Albert Roca, who was instrumental in promoting a young Lionel Messi to Barcelona's first team from their academy La Masia way back in 2004, has enjoyed an illustrious career. His journey from Camp Nou, where he assisted Dutchman Frank Rijkaard, to moving on to Galatasaray and then the Saudi Arabian national team, has seen Roca win the hearts of many a fans.
The Spaniard has taken up a new challenge and has replaced former Manchester United academy graduate Ashley Westwood at India's I-League champions Bengaluru FC earlier in July. In an exclusive interview with IBTimes UK, the 53-year-old has opened up about making history with the Indian outfit, as he prepares his side for the second semi-final of the AFC Cup against defending champions Johor Darul Ta'zim (JDT).
JDT settled for a 1-1 draw in the first leg of the semi-final clash against Bengaluru FC at home. The Malaysian side will now make a trip to India for the second leg on 19 October at Sree Kanteerava Stadium and a clean sheet here will be enough for Roca's side to make it to the finals. But a focused Roca believes that the job is just "half done".
"The team realises that the job is just half done. We do have an away goal but that, in no way, is a big advantage," Roca said.
"The boys have been working on feedback and have been training hard and the way they have performed this far has given me confidence. This is football and you can never take things for granted. But what I do know is that we will be giving nothing short of 100%."
John Johnson: Big day for Indian football
Former Middlesbrough defender John Johnson has moved to India to revive his career. After coming up through the ranks of the Premier League club's youth system, he moved to Northampton Town on loan in 2009, before signing a permanent deal with the club a year later.
Johnson was signed by Bengaluru FC in 2013, the year the Indian club was formed. He has already won silverware with the Indian outfit and has a chance to add another one to the list, if his side manage to beat JDT on Wednesday (19 October).
The 28-year-old defender explained the importance of the game for Indian football and shared his experience on leaving English football to play in India.
"It is going to be a big day for the club and Indian football in general. No Indian team has reached the final so we could be the first team and that's what we are hoping and aiming to do. We are preparing well and looking forward to give our best," Johnson told IBTimes UK.

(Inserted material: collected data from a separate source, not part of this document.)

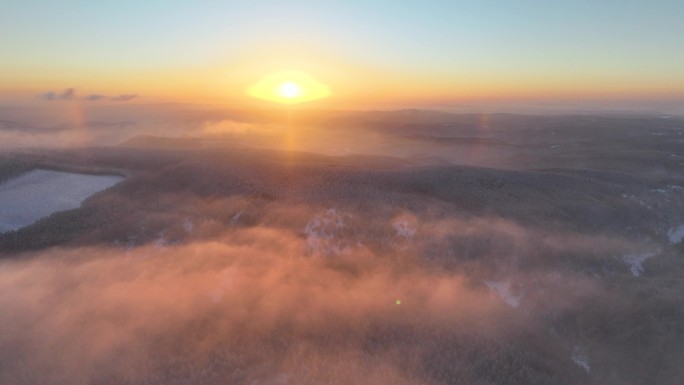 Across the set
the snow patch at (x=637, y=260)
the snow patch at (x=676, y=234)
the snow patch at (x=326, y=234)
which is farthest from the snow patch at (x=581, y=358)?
the snow patch at (x=676, y=234)

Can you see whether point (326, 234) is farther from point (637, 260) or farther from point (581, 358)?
point (637, 260)

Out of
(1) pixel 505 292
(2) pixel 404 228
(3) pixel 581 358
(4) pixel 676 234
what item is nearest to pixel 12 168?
(2) pixel 404 228

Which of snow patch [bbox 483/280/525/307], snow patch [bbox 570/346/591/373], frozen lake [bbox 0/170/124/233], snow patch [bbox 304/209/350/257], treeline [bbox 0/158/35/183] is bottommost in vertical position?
snow patch [bbox 570/346/591/373]

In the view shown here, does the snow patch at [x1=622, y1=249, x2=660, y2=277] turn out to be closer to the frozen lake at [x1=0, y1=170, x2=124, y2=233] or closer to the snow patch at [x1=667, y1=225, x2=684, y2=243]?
the snow patch at [x1=667, y1=225, x2=684, y2=243]

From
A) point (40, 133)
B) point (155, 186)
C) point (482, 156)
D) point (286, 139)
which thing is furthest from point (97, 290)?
point (40, 133)

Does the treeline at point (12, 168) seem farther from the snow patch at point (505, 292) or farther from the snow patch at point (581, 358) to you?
the snow patch at point (581, 358)

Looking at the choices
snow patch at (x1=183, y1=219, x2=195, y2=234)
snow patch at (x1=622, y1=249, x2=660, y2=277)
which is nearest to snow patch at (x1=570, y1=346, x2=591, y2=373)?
snow patch at (x1=622, y1=249, x2=660, y2=277)
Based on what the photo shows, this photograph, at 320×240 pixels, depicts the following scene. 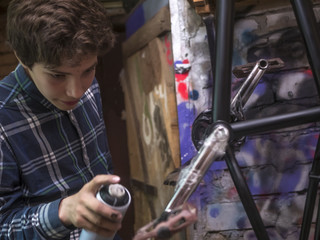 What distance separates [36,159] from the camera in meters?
0.79

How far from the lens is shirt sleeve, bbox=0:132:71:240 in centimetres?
64

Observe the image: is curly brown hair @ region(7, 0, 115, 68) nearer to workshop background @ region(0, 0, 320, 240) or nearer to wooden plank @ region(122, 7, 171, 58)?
workshop background @ region(0, 0, 320, 240)

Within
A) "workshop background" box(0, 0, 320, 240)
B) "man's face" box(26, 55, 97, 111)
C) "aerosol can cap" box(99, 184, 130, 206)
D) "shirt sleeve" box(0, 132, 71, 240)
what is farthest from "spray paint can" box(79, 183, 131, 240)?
"workshop background" box(0, 0, 320, 240)

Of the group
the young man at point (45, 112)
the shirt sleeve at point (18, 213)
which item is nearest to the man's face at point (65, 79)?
the young man at point (45, 112)

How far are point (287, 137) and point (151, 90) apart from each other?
765 millimetres

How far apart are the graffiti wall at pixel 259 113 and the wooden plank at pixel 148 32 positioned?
176mm

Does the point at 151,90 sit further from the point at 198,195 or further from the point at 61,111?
the point at 61,111

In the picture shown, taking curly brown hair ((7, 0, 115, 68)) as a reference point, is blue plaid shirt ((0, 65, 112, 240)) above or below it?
below

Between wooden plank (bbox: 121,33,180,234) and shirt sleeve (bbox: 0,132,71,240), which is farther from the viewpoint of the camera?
wooden plank (bbox: 121,33,180,234)

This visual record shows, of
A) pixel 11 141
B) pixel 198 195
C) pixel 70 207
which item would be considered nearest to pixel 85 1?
pixel 11 141

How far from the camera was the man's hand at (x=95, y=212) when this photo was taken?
0.51 m

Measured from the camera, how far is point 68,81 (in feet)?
2.35

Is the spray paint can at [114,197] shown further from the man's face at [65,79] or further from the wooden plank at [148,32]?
the wooden plank at [148,32]

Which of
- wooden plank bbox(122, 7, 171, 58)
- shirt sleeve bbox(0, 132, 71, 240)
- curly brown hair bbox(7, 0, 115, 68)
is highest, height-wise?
wooden plank bbox(122, 7, 171, 58) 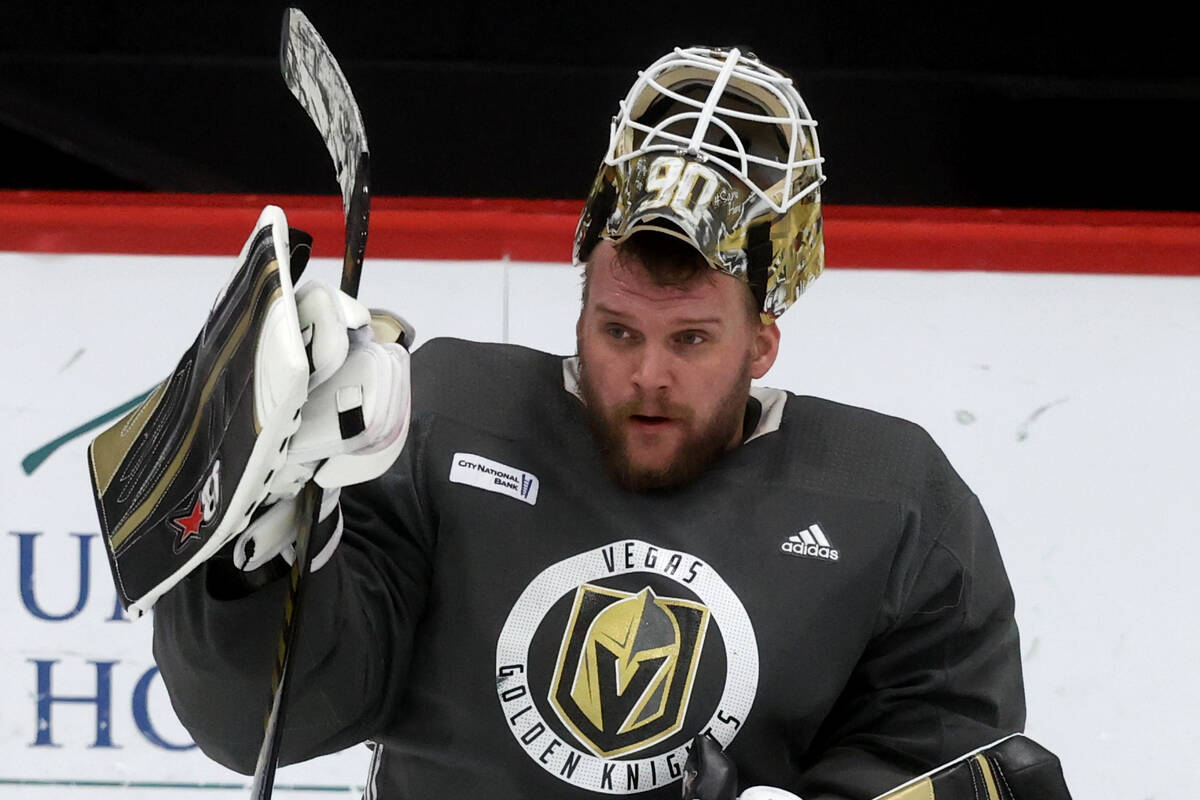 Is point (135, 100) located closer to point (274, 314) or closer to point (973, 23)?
point (973, 23)

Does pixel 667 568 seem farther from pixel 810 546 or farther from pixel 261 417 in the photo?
pixel 261 417

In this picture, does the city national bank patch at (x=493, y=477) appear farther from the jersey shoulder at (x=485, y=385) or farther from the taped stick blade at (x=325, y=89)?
the taped stick blade at (x=325, y=89)

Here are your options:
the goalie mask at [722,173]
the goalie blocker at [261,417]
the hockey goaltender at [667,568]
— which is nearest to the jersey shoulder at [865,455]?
the hockey goaltender at [667,568]

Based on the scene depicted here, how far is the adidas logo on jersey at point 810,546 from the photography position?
1264mm

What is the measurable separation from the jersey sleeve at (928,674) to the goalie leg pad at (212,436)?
50 cm

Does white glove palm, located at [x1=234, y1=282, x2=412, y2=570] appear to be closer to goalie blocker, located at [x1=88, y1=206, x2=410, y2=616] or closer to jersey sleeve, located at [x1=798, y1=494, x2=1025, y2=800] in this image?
goalie blocker, located at [x1=88, y1=206, x2=410, y2=616]

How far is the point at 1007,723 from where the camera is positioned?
1.30 m

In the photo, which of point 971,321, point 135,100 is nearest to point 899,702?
point 971,321

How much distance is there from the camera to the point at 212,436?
0.99m

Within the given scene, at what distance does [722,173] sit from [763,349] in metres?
0.16

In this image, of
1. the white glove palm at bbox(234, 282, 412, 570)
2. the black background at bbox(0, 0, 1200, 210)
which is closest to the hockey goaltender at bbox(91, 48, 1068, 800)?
the white glove palm at bbox(234, 282, 412, 570)

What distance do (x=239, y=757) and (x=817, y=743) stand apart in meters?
0.43

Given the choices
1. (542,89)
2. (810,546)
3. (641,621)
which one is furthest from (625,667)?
(542,89)

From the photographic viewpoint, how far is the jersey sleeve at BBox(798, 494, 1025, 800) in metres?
1.25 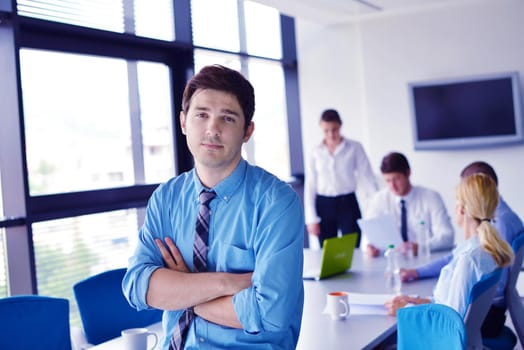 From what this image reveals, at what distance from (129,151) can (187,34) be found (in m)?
1.13

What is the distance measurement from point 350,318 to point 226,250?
948mm

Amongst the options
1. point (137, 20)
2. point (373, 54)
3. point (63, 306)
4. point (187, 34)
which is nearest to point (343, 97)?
point (373, 54)

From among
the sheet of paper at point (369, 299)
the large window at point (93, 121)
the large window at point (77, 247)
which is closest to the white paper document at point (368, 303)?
the sheet of paper at point (369, 299)

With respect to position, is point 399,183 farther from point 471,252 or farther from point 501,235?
point 471,252

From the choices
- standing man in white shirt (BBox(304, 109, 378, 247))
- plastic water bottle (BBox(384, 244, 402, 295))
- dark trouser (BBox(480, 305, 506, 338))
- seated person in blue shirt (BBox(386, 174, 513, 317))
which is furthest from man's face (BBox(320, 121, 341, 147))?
seated person in blue shirt (BBox(386, 174, 513, 317))

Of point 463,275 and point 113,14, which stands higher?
point 113,14

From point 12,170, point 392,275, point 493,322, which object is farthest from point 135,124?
point 493,322

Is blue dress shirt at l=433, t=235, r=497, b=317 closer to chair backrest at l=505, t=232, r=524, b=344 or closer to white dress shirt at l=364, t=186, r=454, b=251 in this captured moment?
chair backrest at l=505, t=232, r=524, b=344

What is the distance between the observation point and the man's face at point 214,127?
1.81m

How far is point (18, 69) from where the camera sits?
12.2ft

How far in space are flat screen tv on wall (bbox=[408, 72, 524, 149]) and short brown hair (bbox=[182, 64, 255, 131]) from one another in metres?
4.95

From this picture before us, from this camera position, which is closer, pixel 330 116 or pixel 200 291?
pixel 200 291

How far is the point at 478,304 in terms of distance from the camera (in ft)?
8.22

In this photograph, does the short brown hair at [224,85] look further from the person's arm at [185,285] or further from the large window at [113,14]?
the large window at [113,14] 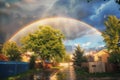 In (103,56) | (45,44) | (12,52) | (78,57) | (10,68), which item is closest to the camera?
(10,68)

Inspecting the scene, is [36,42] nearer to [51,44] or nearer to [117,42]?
[51,44]

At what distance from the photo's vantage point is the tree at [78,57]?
142 feet

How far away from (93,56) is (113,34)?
19637 millimetres

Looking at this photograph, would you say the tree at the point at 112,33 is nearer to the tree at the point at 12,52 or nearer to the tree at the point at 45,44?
the tree at the point at 45,44

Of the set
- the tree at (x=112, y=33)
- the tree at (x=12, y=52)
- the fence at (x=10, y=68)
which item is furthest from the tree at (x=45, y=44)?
the tree at (x=112, y=33)

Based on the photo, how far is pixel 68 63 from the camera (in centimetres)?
5247

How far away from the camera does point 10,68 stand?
28.8 m

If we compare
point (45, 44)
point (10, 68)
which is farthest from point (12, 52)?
point (10, 68)

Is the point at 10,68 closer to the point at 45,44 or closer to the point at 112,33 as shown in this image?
the point at 45,44

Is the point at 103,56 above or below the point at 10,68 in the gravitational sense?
above

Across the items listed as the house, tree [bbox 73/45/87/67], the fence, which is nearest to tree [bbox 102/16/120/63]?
the house

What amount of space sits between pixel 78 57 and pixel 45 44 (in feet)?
25.1

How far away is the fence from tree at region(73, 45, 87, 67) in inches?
477

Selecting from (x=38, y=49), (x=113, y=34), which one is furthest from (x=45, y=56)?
(x=113, y=34) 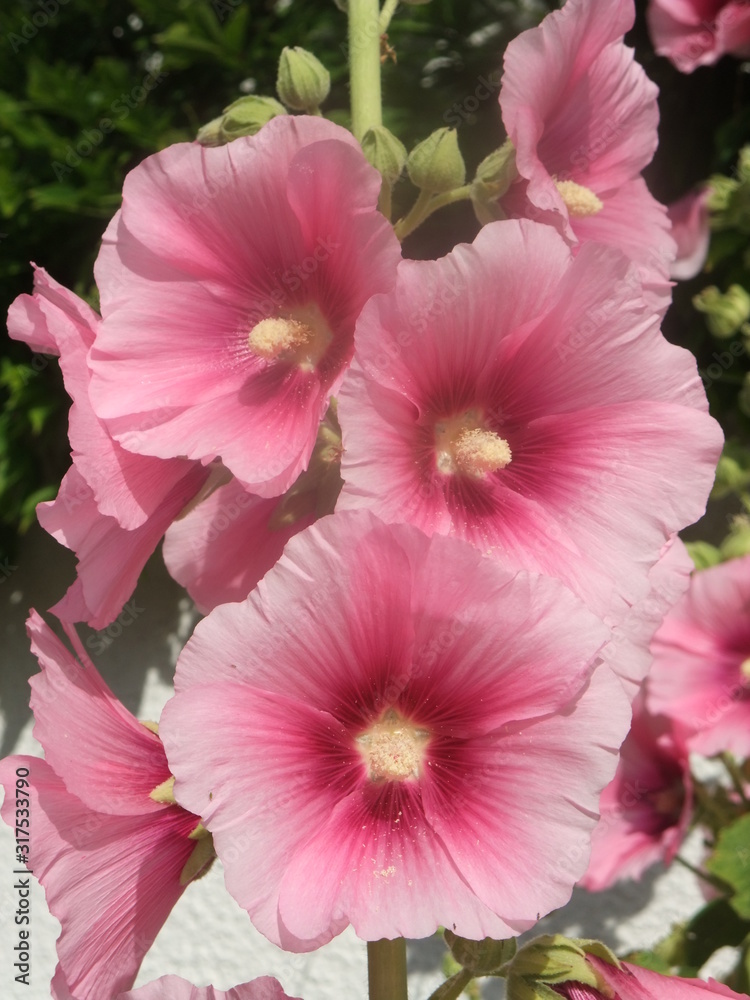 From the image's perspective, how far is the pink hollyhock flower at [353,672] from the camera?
1.40 ft

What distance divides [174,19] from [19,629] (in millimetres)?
1154

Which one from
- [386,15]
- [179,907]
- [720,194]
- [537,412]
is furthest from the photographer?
[179,907]

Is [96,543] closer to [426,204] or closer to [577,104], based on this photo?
[426,204]

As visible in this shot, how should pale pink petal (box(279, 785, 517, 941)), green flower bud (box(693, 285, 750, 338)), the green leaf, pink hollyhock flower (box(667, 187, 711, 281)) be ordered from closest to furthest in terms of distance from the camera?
pale pink petal (box(279, 785, 517, 941)) → the green leaf → green flower bud (box(693, 285, 750, 338)) → pink hollyhock flower (box(667, 187, 711, 281))

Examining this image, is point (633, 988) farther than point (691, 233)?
No

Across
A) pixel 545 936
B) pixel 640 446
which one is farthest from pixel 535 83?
pixel 545 936

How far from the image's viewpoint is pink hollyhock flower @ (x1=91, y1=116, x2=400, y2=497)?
48cm

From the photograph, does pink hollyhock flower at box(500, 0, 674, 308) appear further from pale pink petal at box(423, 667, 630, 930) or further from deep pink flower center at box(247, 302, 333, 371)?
pale pink petal at box(423, 667, 630, 930)

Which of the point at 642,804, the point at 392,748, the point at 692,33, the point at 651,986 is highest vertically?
the point at 392,748

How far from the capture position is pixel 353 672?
1.57 ft

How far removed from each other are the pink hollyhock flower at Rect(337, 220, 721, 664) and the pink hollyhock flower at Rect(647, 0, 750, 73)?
1.00m

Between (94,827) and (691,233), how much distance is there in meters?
1.19

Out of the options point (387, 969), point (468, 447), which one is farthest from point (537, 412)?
point (387, 969)

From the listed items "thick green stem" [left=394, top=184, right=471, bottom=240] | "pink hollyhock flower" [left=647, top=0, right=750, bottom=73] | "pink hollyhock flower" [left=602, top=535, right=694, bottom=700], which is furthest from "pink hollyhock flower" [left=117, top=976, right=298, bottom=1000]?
"pink hollyhock flower" [left=647, top=0, right=750, bottom=73] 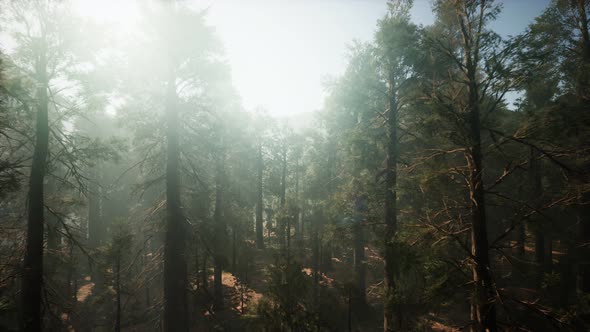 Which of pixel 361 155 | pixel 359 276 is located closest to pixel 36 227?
pixel 361 155

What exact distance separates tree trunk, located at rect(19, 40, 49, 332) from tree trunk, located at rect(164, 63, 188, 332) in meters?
3.28

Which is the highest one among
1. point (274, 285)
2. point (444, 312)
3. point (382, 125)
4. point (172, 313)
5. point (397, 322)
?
point (382, 125)

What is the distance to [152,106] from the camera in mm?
8625

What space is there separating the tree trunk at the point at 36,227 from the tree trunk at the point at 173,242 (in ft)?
10.8

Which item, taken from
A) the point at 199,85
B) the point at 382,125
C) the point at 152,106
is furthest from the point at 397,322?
the point at 152,106

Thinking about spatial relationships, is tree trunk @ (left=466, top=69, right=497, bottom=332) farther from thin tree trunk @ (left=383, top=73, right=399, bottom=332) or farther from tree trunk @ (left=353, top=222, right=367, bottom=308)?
tree trunk @ (left=353, top=222, right=367, bottom=308)

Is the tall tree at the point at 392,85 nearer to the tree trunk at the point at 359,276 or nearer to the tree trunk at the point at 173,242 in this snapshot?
the tree trunk at the point at 359,276

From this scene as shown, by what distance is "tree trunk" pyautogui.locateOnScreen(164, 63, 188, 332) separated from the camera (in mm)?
8195

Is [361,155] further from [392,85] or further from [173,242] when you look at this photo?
[173,242]

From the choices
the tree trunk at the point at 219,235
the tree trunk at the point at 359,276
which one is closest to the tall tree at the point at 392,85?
the tree trunk at the point at 359,276

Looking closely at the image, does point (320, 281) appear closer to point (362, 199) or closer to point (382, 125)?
point (362, 199)

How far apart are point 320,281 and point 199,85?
1556 centimetres

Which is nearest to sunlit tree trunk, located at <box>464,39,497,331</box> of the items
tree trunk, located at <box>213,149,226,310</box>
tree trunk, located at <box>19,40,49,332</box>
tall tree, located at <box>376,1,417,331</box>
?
tall tree, located at <box>376,1,417,331</box>

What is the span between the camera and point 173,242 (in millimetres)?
8398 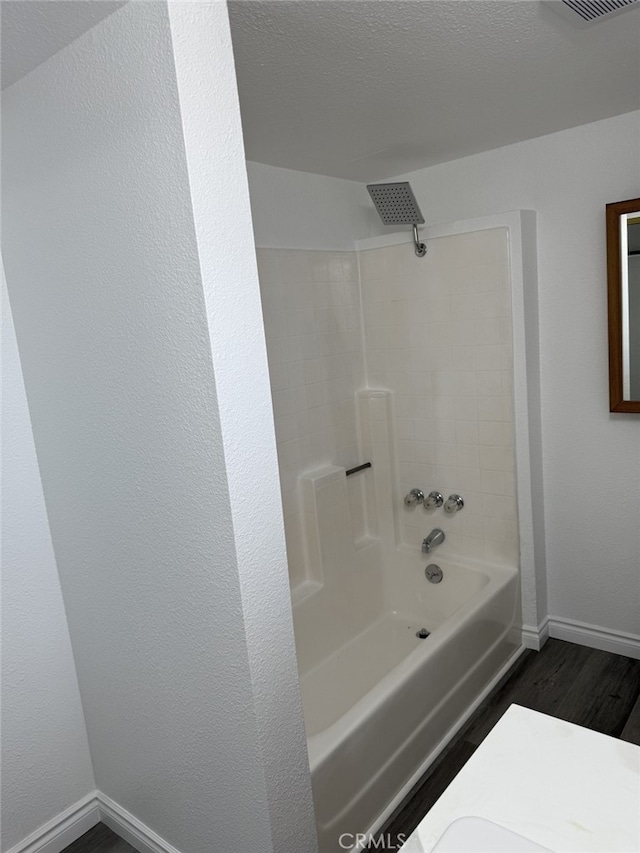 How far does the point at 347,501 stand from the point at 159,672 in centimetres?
144

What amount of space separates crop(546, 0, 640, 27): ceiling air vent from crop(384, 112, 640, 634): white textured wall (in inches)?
38.9

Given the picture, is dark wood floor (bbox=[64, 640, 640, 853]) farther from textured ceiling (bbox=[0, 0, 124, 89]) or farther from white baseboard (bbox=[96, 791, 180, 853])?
textured ceiling (bbox=[0, 0, 124, 89])

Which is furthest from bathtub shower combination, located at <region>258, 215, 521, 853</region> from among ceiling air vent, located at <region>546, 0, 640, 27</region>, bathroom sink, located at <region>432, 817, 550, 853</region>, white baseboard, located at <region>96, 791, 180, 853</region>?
bathroom sink, located at <region>432, 817, 550, 853</region>

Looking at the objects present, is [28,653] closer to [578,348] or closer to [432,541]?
[432,541]

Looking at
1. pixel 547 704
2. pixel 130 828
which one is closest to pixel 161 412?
pixel 130 828

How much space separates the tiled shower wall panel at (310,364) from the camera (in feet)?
8.79

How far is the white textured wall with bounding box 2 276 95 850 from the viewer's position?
1.84 metres

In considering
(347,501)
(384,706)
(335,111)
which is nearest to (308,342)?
(347,501)

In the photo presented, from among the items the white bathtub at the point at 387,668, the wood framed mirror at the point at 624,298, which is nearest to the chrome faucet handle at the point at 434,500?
the white bathtub at the point at 387,668

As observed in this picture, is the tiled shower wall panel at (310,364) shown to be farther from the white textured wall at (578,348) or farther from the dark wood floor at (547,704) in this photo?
the dark wood floor at (547,704)

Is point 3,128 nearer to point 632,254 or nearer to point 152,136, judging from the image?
point 152,136

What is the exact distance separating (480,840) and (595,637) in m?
2.33

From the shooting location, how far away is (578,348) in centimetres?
269

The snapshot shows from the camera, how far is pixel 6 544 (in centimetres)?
184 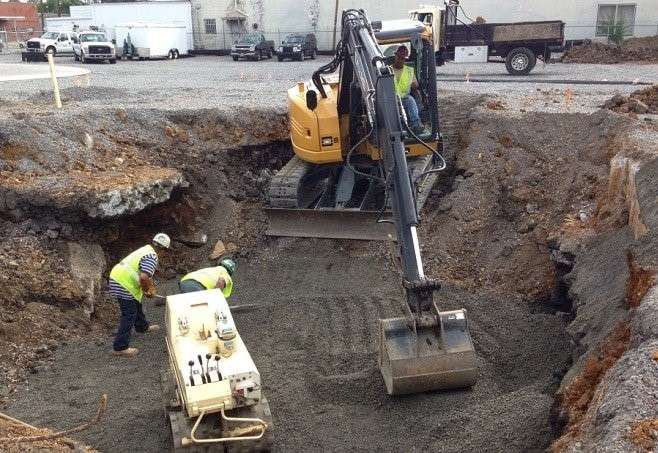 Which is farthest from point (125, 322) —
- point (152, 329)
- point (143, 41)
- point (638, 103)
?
point (143, 41)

"When I first came here, I had a bit more experience of playing at a higher level than the guys here. I think, the football in the UK is a lot stronger than it is here in India. I have just come over here and tried to help the lads and they have helped me, settling in and different things. I learn from them and they learn from me. So it's been both ways."
Massive achievement awaited, says Ali Uzunhasanoglu
Ali Uzunhasanoglu has been the goalkeeping coach at the club, despite Westwood's exit. The latter brought him to the club and his successor Roca has included him in his coaching set up. Uzunhasanoglu said that it will be a massive achievement if Bengaluru FC make it to the last two of the AFC Cup.
"It will be a fantastic achievement if we can keep a clean sheet, but how we approach the game is up to the head coach. Hopefully the boys can help us get a result that we need to go to the final. My department is to make sure we do not concede a goal and it will be great if we can manage to achieve it," he said.
Sunil Chhetri wants to make fans happy
Sunil Chhetri is the most capped player and also India's leading goalscorer with 51 goals. The Indian forward spoke about the importance of fans for the clash and has urged football lovers to fill the stadium when Bengaluru FC take on the reigning AFC champions on Wednesday.
When asked how important fans will be during Wednesday's game, Chhetri said: "Very important. They have played a very important role and with each passing game and each passing year, their involvement and importance has increased."
"We always spoke about the importance of fans, but the reality struck us when the last time we played at home [quarter-final against Tampines Rovers]. To play without our fans, it was for the first time we did. It was so sad. I read a lot of messages from fans through social media that how they missed it."
"The fans play a very important role and even if I don't say it, they know it. That's the best part. The one's who are going to watch the match on television, even being in Bangalore or who are not fans yet, for them, I really want to request you to come to the stadium and support us."
Team owner Parth Jindal looks at revenue growth
Parth Jindal, the owner of Bengaluru FC stressed on the challenges that the Indian club faces to excel in such tournaments and he remains hopeful that AFC will come up with a revenue sharing model, which will be beneficial for the club's growth.
"We've shown we have what it takes to do well in Asian competition. Even Mohun Bagan had a good run. East Bengal and Dempo have made the semi-final in the past," Jindal explained.
"There are a few challenges and the main one from among those for me would be the football calendar in the country at the moment. Our first-leg quarterfinal against Tampines was the first competitive game we have played this season while the teams from Singapore and Malaysia were in the middle of their league season which meant they were better prepared.
"A comprehensive calendar will go a long way in fixing this issue. Also, I feel the AFC should have a revenue sharing model where the clubs are benefactors, just like it is with European club competitions. This will go a long way in encouraging clubs to do more," he concluded.